Architecture

Vision

The vision of pSCANNER is to provide a scalable and flexible distributed infrastructure for collaborative comparative effectiveness research, while engaging patients and clinicians regarding network governance and use. pSCANNER will be used for conducting multiple studies within the same computer network, where each study might focus on different clinical domains, have varying data needs and data models, and might have different data sharing policies, and with different combinations of sites participating in each study.

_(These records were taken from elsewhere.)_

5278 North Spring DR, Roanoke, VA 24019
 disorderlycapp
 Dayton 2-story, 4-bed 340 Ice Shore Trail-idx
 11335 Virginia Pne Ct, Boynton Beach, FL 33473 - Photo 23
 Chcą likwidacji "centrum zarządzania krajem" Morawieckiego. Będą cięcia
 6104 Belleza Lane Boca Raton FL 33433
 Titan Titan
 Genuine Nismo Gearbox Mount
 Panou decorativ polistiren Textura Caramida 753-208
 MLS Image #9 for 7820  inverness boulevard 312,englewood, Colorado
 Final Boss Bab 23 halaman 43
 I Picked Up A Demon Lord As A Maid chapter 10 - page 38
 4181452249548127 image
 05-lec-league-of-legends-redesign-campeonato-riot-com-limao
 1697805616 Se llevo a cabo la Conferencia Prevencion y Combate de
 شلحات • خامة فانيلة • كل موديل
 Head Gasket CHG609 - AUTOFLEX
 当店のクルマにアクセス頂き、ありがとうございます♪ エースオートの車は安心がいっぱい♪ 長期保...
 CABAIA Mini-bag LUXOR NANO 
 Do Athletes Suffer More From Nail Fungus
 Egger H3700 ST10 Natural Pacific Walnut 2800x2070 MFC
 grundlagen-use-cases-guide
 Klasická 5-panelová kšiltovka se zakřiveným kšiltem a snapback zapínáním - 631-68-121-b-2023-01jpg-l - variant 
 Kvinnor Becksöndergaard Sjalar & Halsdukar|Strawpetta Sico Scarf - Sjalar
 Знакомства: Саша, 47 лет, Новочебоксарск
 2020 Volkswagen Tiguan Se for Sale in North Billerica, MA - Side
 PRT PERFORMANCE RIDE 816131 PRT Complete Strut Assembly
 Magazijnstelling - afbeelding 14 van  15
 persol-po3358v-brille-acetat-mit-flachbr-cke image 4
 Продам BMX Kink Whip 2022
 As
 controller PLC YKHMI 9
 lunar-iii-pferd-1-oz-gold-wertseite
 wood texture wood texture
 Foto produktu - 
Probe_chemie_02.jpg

The network will scale to accommodate the volume and heterogeneity of studies, data, users, and policies.

Visualization graphic

The figure above shows the conceptual architecture of pSCANNER. pSCANNER will expand on the distributed architecture developed in SCANNER. SCANNER’s infrastructure was designed based on requirements from major stakeholders in stewardship and use of clinical data for research: patients, researchers, and administrators.  Comparative effectiveness researchers will access the resources at study sites through the pSCANNER portal. The portal will expose applications that can request resources from various sites participating in a study, and integrate the resources to present to the researcher. For example, an application will allow the researcher to compose a query for de-identified data from each site, integrate the results into one data set, and display the results.

 

SCANNER is comprised of a set of SSL-encrypted Web Services that allow a user to perform distributed statistical analysis on data hosted on remote sites.  Multiple statistical analysis methods are supported via a plug-in architecture, and a defined set of input and output formats provide a consistent I/O interface for each computational plug-in.  The network integrates instances of the pSCANNER Central and Worker nodes.  In order to submit work to the network, a user first authenticates his or her identity to the Portal that upon success presents a web-based graphical user interface to the user.  The Portal interface presents a set of selection controls (based on information stored in the Registry) about what datasets, computational algorithms, and remote nodes are available for the user to execute a query against.  Once a user has selected the criterion for a query and initiates the execution of the query, the Portal then sends the query request to the proper remote Worker nodes, where a number of computational plug-ins with statistical methods are deployed.  Depending on what analysis algorithm was selected, this query process may be iterated multiple times in order to optimize the statistical result.  Once the distributed query completes, the results are collated by the corresponding algorithm’s computational plug-in, and the end results are returned as a single output payload back to the Portal, where it is finally displayed to the user.

 

The Worker node exposes resources provided by each site to the network.  Each participating institution hosts its own pSCANNER Worker node (Linux-based Virtual Machine containing pSCANNER software provided to each institution), which includes resources such as databases and data sets, as well as, computational services.  The types of computational services available are data analysis services, and will include the Observational Cohort Event Analysis and Notification System (OCEANS) and Grid Binary LOgistic REgression (GLORE) tools.

 

While the architecture described above does not require a specific data model, many of the resources and tools implemented in pSCANNER will use the OMOP version 5.1 common data model. Depending on the data resources and tools available at each site, the respective pSCANNER Worker nodes will contain a data transformation service that can convert the OMOP format data to formats needed by analytical services.

 

Data Governance

The access control to data in pSCANNER will be delegated to the site that is providing the data. Sites implement their data access policies using the policy enforcement modules. Access policies will be specified as credential expressions that themselves specify the roles of the users accessing a resource, and how the users are authenticated. For example, a credential expression could state that access to a data set is limited to study investigators as specified in an Institutional Review Board (IRB) approvals database, and the user must belong to one of the study sites and be authenticated by that site’s enterprise authentication services. Beyond access control, we will investigate means for sites to have other trust services for each resource, e.g., records retention.